18. The apparatus of claim 11 wherein the common errors are determined from common typographical errors and common spelling errors in accordance with a relative frequency of said common typographical errors and common spelling in text composition.
19. A machine readable medium comprising program code executable on a processor for implementing the method of claim 1.
20. A machine readable medium comprising program code executable on a processor for implementing the method of claim 2.
Description
FIELD OF THE INVENTION

The present invention relates generally to text composition and particularly to correcting spelling errors.

DESCRIPTION OF THE RELATED ART

Users of computers and other electronic devices such as wireless mobile devices, personal digital assistants (PDAs) etc. often compose text using the devices. The text may be a command for operating the device, a message for communicating using the device or part of a document or other object for storing, printing, etc. using the device.

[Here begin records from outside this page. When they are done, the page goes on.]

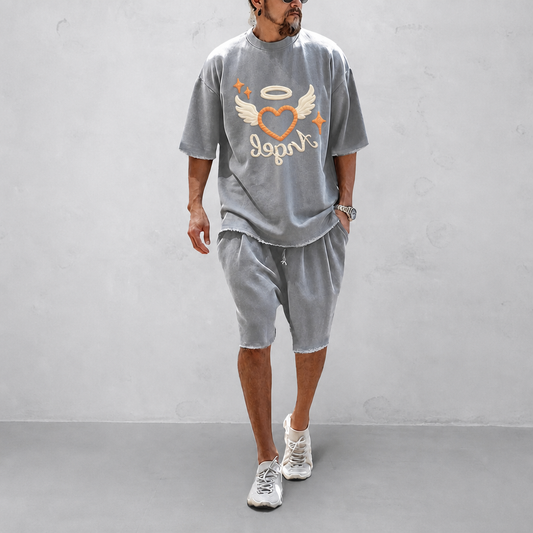 "Angel of Love"Couple 100% Cotton Casual Loose Fit Sports Set - Breathable Moisture-Wicking 2-Piece Tracksuit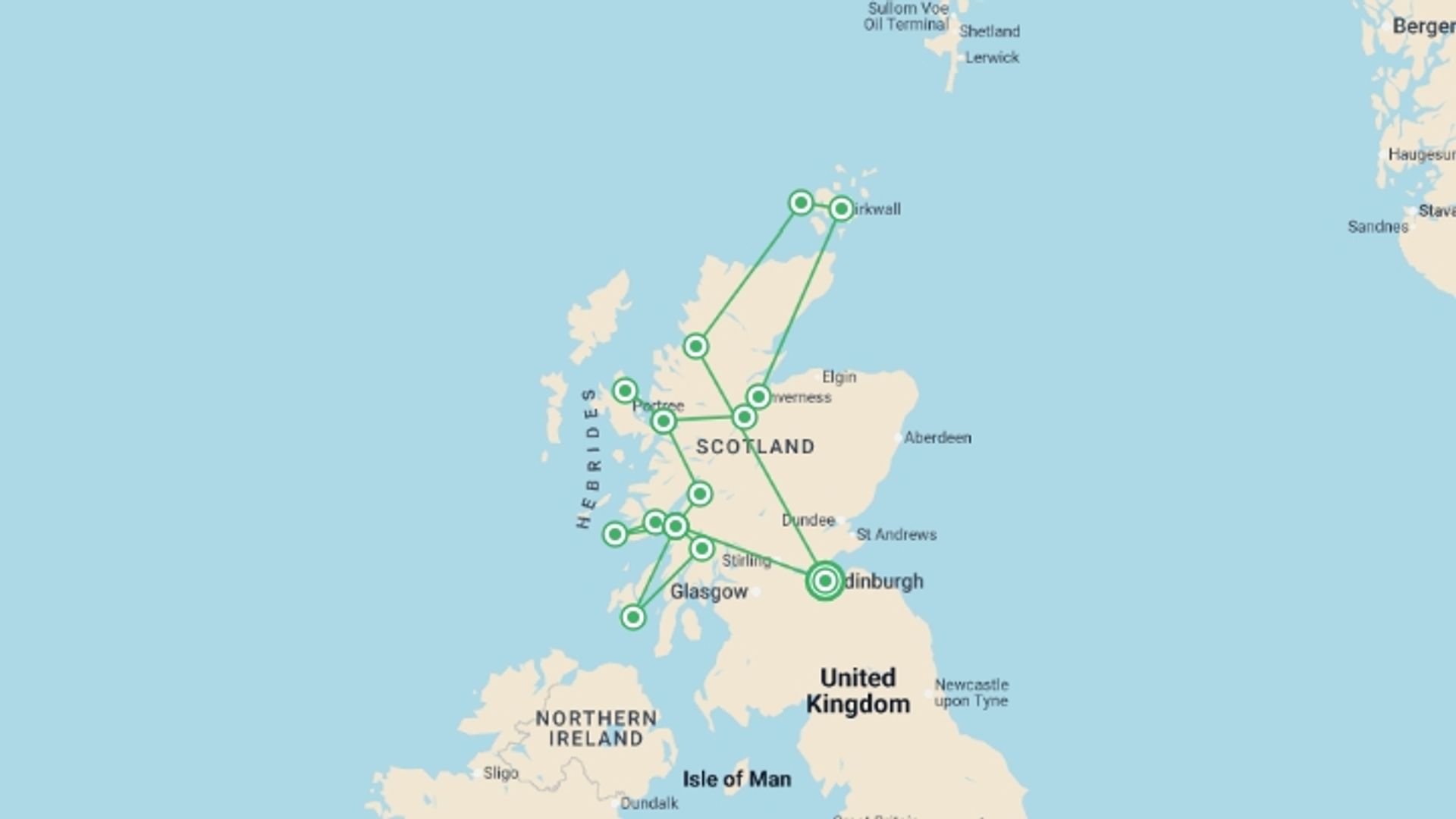 A map showing the tour itinerary for the trip: Whisky Coast & Scottish Islands  - 12 days, starting in Edinburgh, Scotland and ending in Edinburgh, Scotland going through 7 other destinations.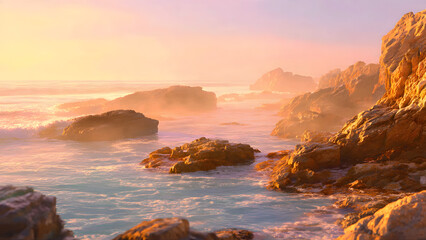 Obraz premium Sunset over a rocky coastline with gentle waves and warm light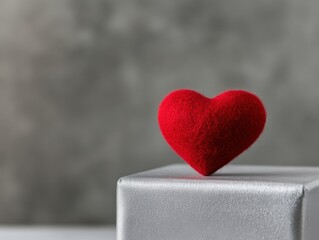Red heart on silver cube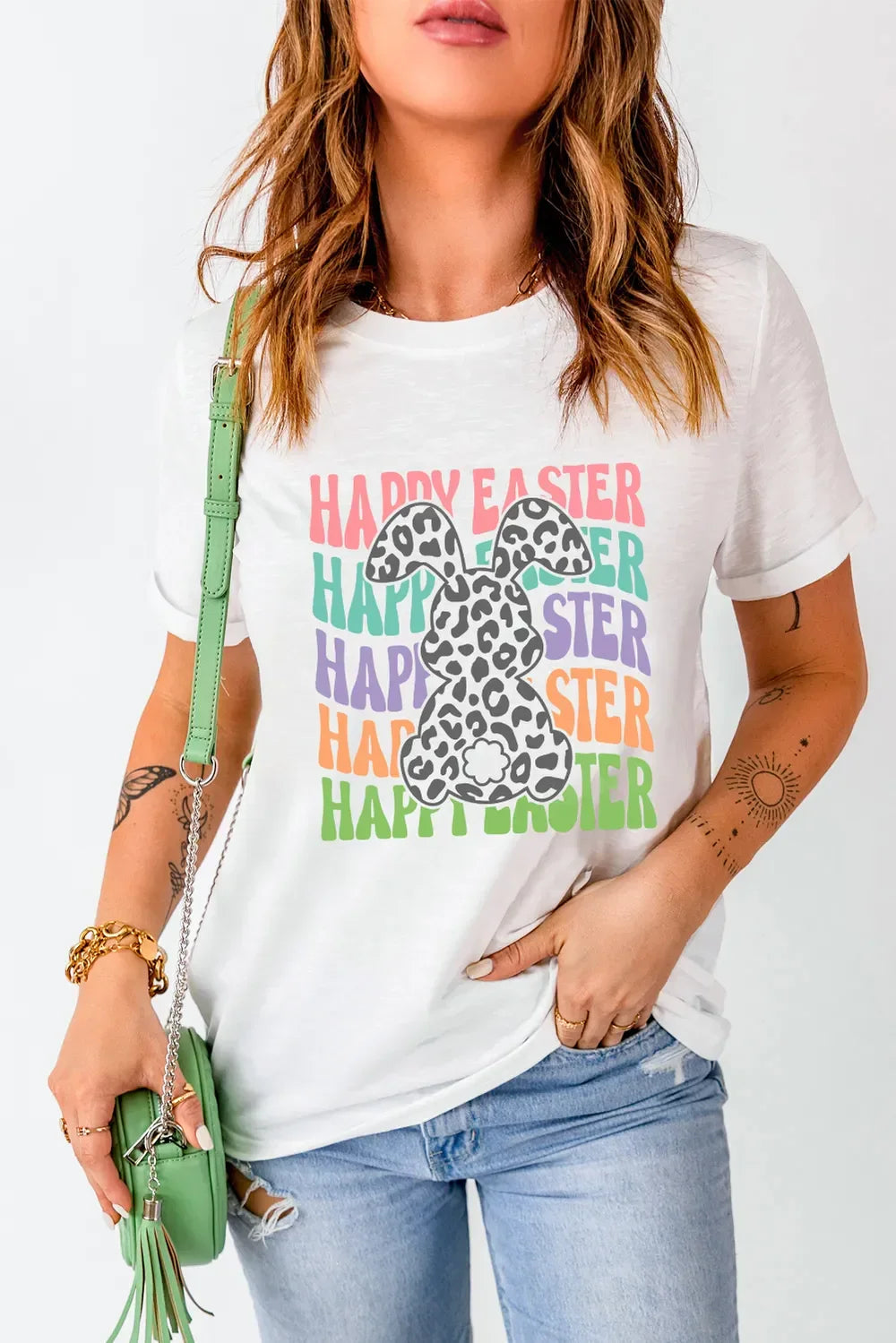 Happy Easter Round Neck Short Sleeve Graphic Tee - Southern Shores Clothing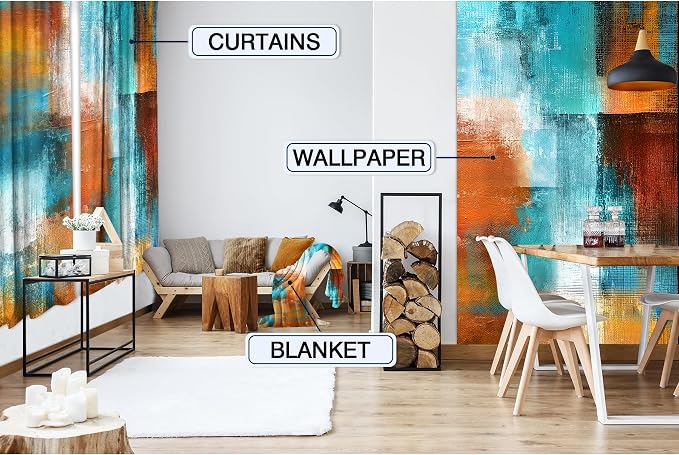 MESHELLY Abstract Brown Teal Curtains 42W x 63H Inch Rod Pocket Rust Burnt Orange Turquoise Art Painting Modern Contemporary Watercolor Cool Oil Print Vintage Living Room Bedroom Window Drapes 2 Panel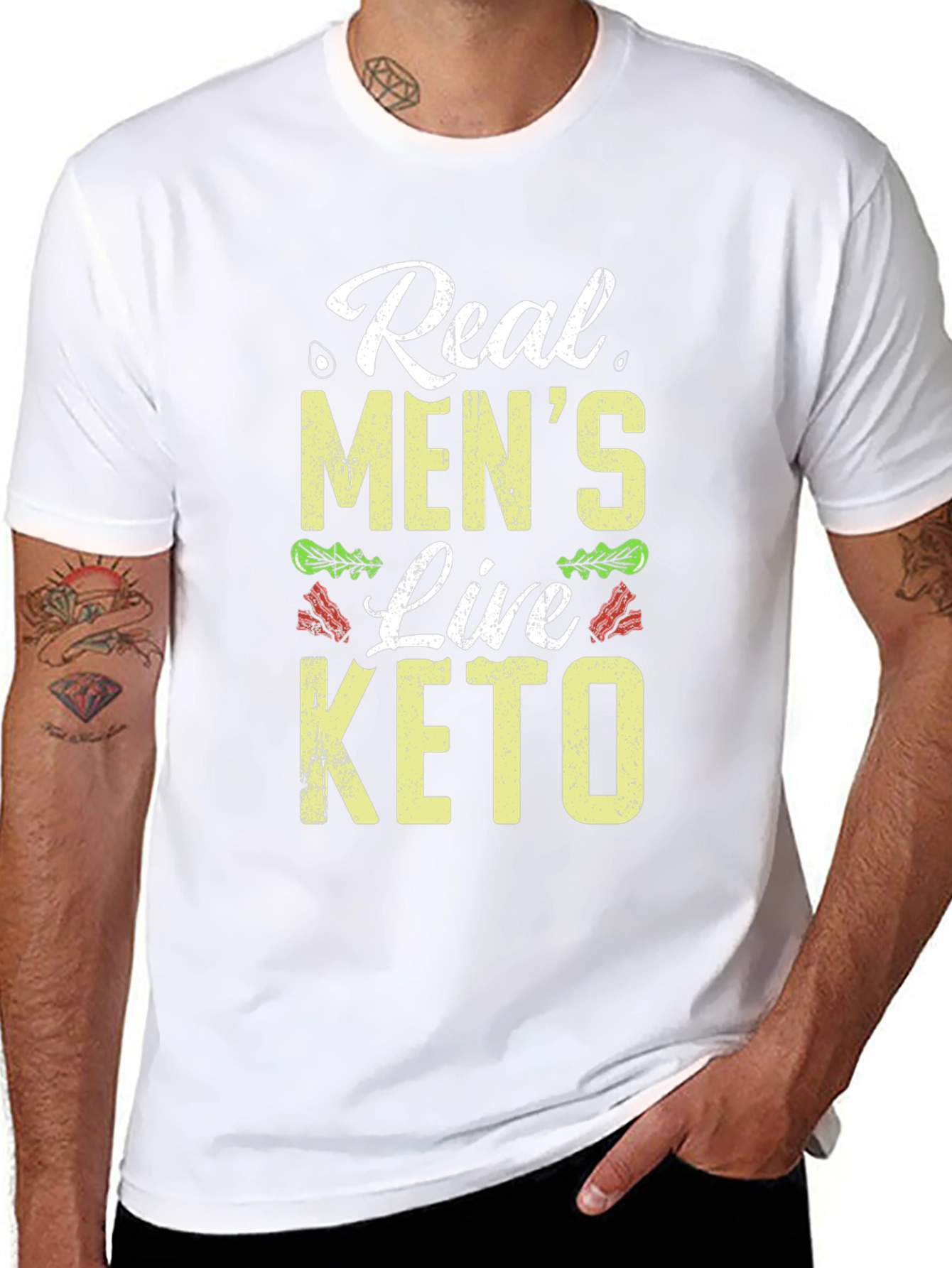 Real Mens Live Keto Black T-Shirt
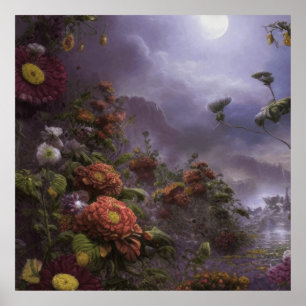 Fantasy Moonlight Magical Garden Landscape Poster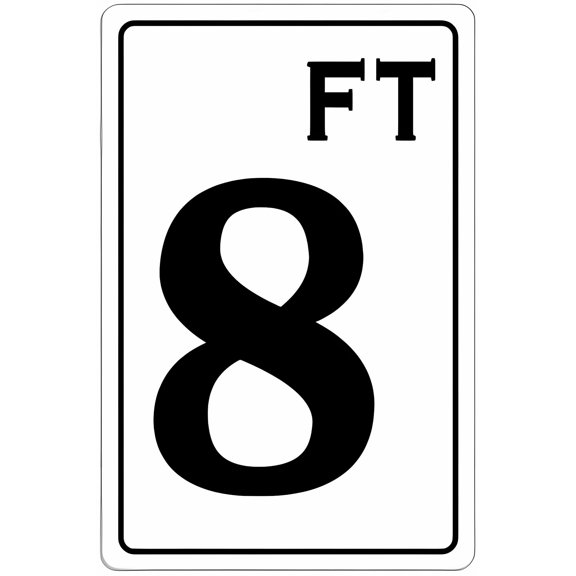 Swimming Pool Deck Depth Marker 8 FT Warning Sign - 8"x12", Metal Decor for Pool Areas, Safety Zones, Business/Home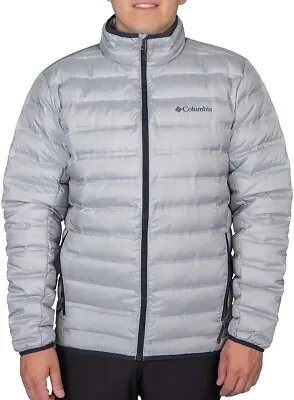 Columbia Men's Lake 22 Down Jacket Zip Puffer Polyester Gray Medium • $74.99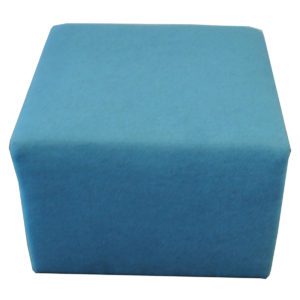 Large Blue Upholstered Cube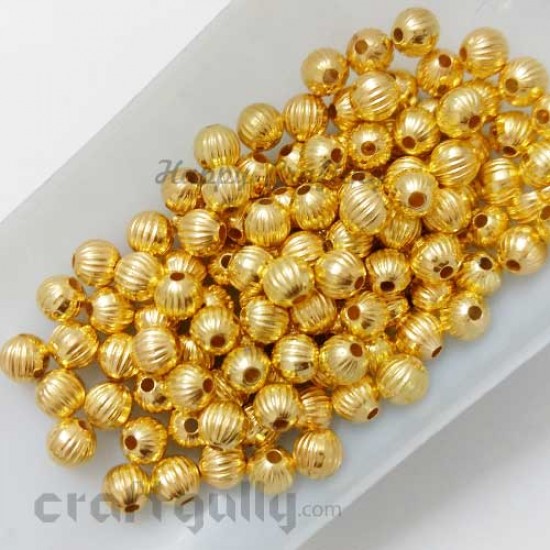 Acrylic Beads 6mm - Pumpkin - Golden Finish - 20gms/ 180 Beads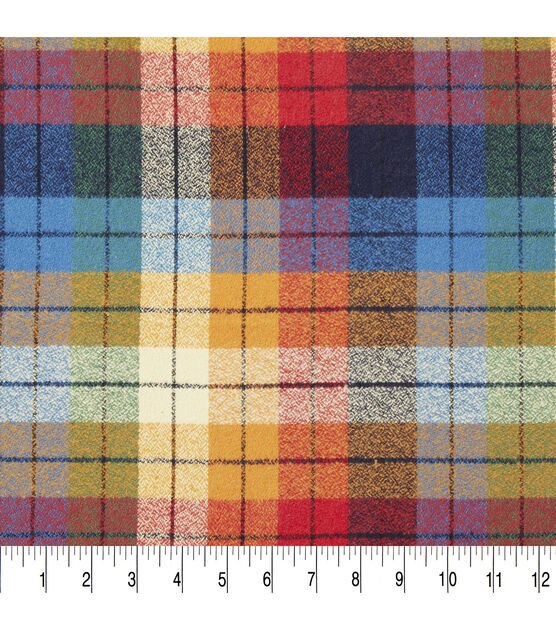 Multicolor Ombre Plaid Brush Cotton Fabric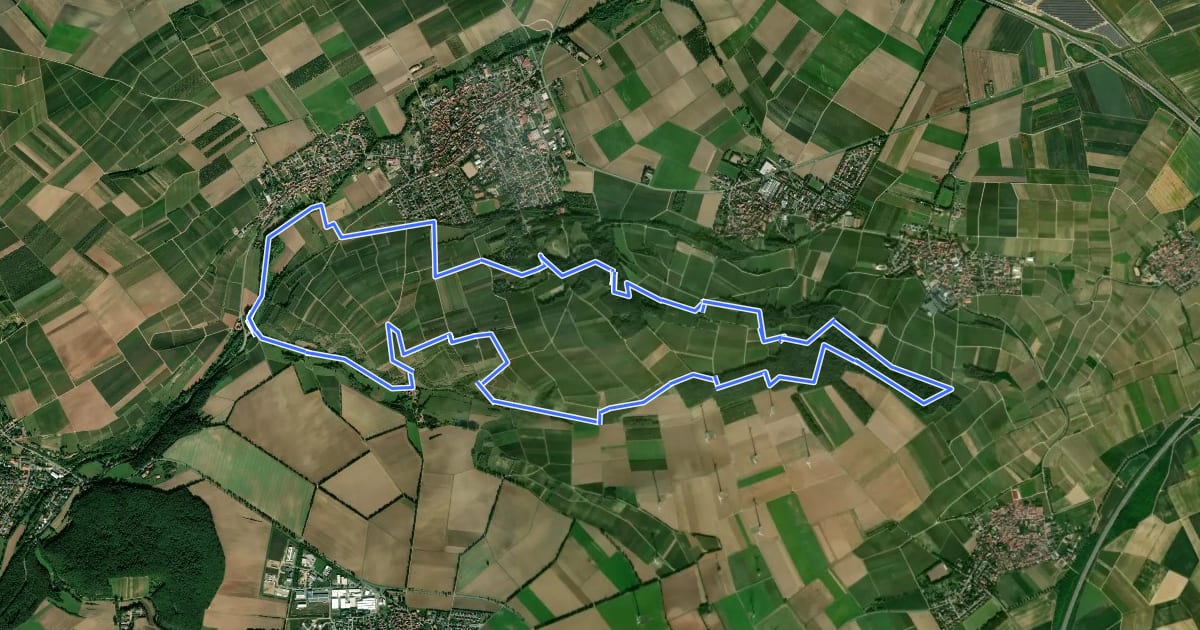 Маршрут Hiwweltour Aulheimer Tal на спутниковом снимке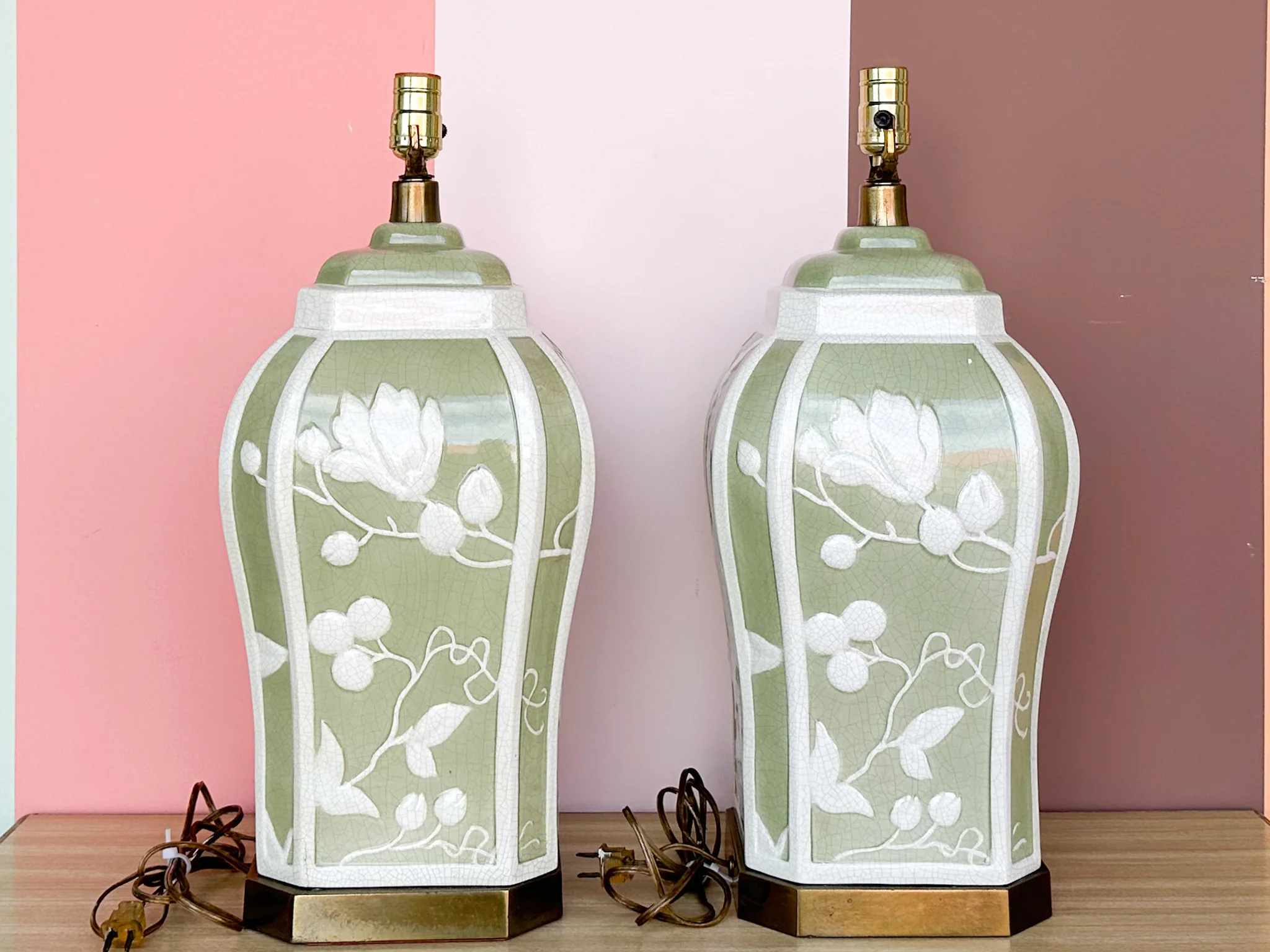 Pair of Green and White Floral Lamps - Image 2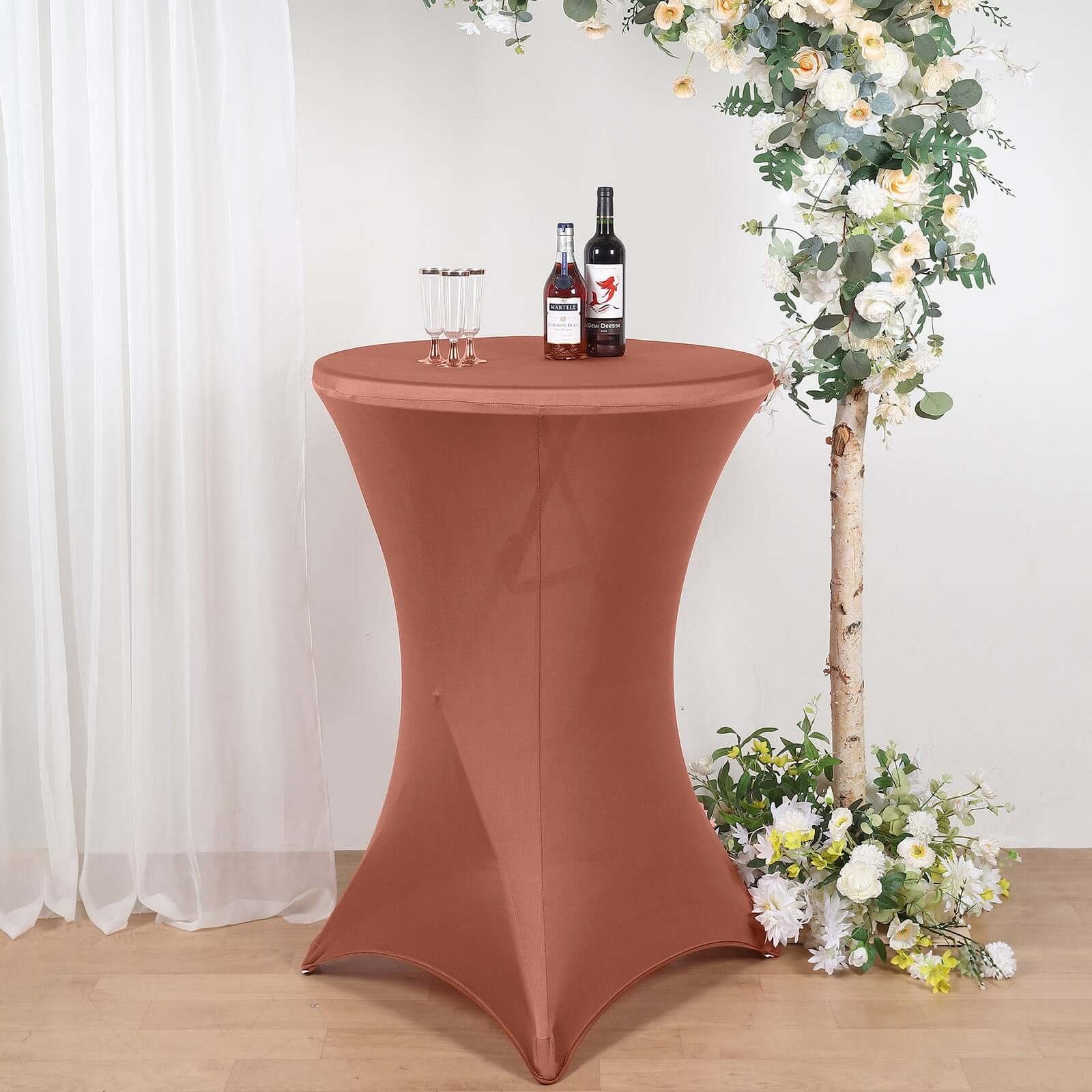 Affordable Stretch Fitted Spandex Cocktail Table Cover in Terracotta (Rust) for 24-32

Spelling errors are a common occurrence. Some devices provide spell checking tools to identify portions of the text, typically words, which contain spelling errors. Words from the text are determined and compared to a dictionary. Words that are not found in the dictionary are indicated as spelling errors. Some such devices may provide correction assistance, displaying one or more suggested words to replace the misspelled word. Still other devices automatically correct the misspelled word, determining a correctly spelled word to replace the detected error.

Efficiently determining one or more likely words to replace a misspelled word can be problematic. Some determination methods adopt a shortest editable distance approach which focuses on the fewest insertions or deletions to amend the misspelled word to a correctly spelled word. Others prioritize the commonality of words such that a more commonly used word among a list of possible replacement words is suggested first. The shortest editable distance approach requires a determination of the number of edits for each word. In the case of the commonality approach, a measure of each word's commonality must be maintained in association with the word such as in a dictionary. Each of these methods requires an ordering of the candidate words following or at best during the determination of the word as a possible spelling correction. Storing the dictionary or correctly spelled words, and candidate corrections for misspelled words can use significant storage space.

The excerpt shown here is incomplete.